I first started publishing in 2018, and this is something I could never have predicted having to declare.
I do not use AI to write my books for me.
I’m from a generation when you would write an essay in class with a piece of paper, a pencil, and your brain. Any notion of a machine doing everything for you was seen as science fiction. The big difference now is that I type on the laptop instead of writing by hand. I see no reason why AI should do it for me. The fun of creating a story is the grind of trying to form the pictures and characters’ voices in your head into a working manuscript. Without that, there’d be no point in being an author—at least for me.
There are other reasons I don’t use AI. I could never apply for copyright or offer my books for licensing to AI companies if they were AI. Also, I have legal concerns, considering my books are commercial products. If AI put specific copyrighted terms or phrases in them, I could get into trouble. I didn’t enter this business to be sued for copyright infringement or plagiarism. I could also get accounts with retailers shut down if I lied about how my books were written.

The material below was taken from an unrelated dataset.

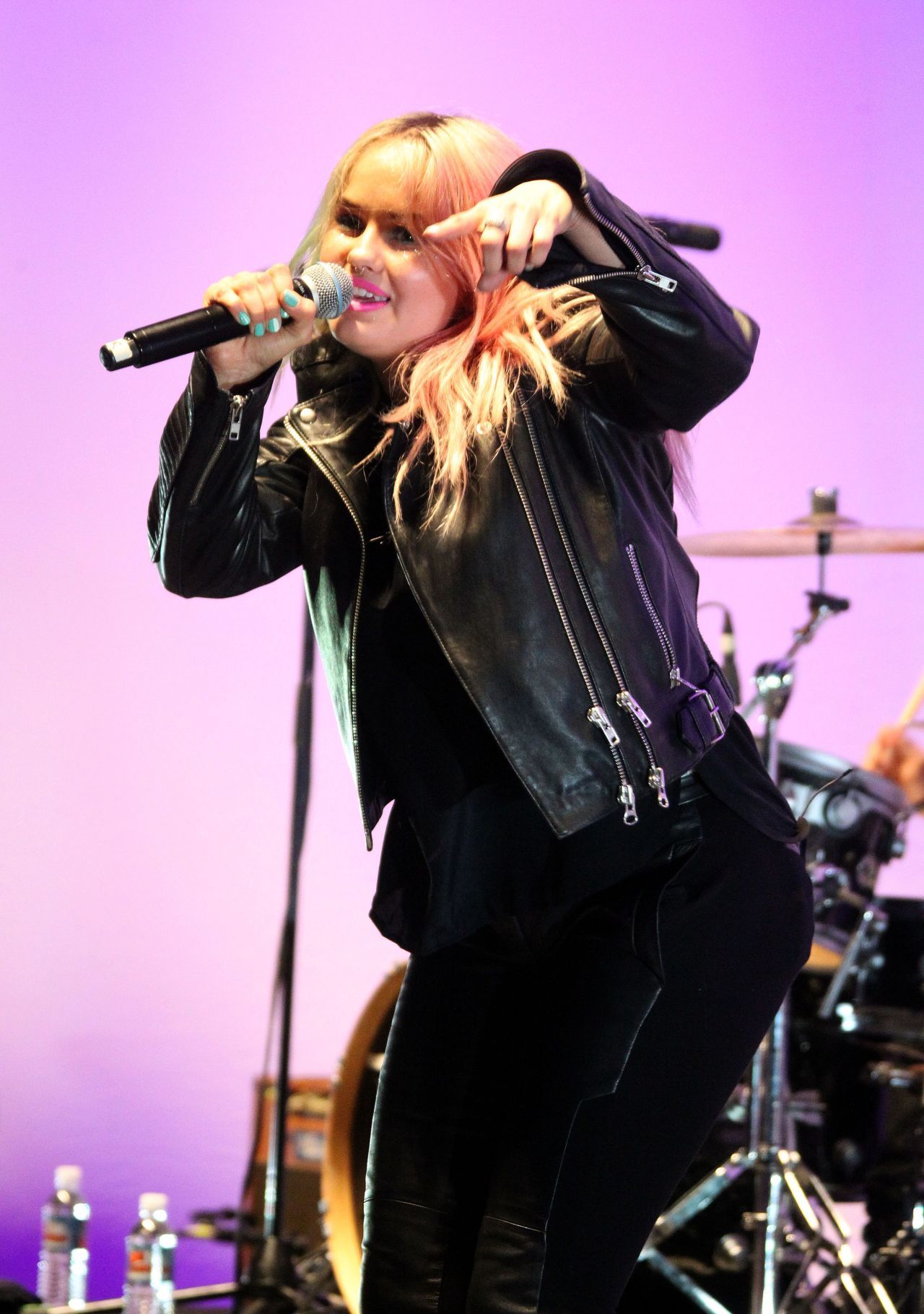 Debby-Ryan-303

Now, let me address a few things. I write my books in third-person past tense in as deep a POV as I can. I find it the most comfortable style to write in. I also use em dashes, just like the one up a few sentences ago. I went from not understanding how to use them to finding them quite fun to drop in here and there. The random person you watched on the internet who said those things automatically mean a book is AI without further investigation (even if the book was written decades ago) is wrong. You can’t take what everyone on the internet says as Gospel from an Almighty God.
The closest I come to using AI is with Grammarly, ProWritingAid, and Google search. But those are only for edits and research. That is all, and I don’t see myself ever changing my mind.